A Quality Improvement Initiative to Standardize Clinical Processes
in Outpatient Rehabilitation
At Intermountain Healthcare, the team used quality improvement tools like a Pareto Chart to identify the most commonly treated conditions and important opportunities for improvement. They found that low back pain was the most common reason for seeking outpatient physical therapy and there was substantial variation in clinical care and outcomes. So, the team got to work standardizing clinical processes (e.g., workflow).
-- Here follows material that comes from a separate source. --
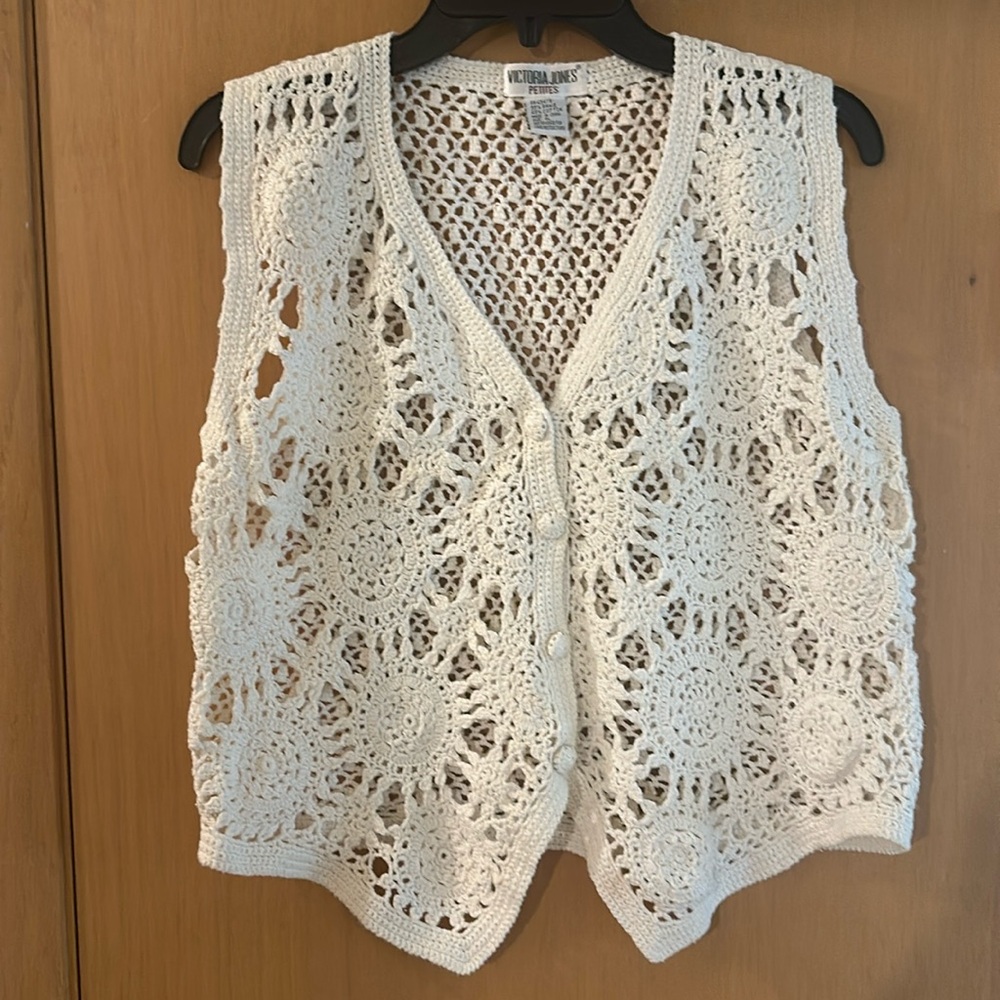 Victoria Jones Vintage Crochet Open Weave Vest White Size PL Petite Large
First, they selected a high-quality clinical practice guideline that included a Treatment-Based Classification System which provided recommendations on how to accurately apply diagnostic classifications AND match treatment to that classification. They integrated the classification system with matched treatments into a standardized workflow for Physical Therapists (PTs). The key aspects of the process were embedded into their Electronic Medical Record (EMR) system to enable measurement of process compliance and clinical outcomes. Percent of charts with complete data, correct classification and correctly matched treatment were tracked. A successful clinical outcome was when the patient achieved a clinically important change in the self-reported measure of symptoms and function, the Modified Disability Questionnaire.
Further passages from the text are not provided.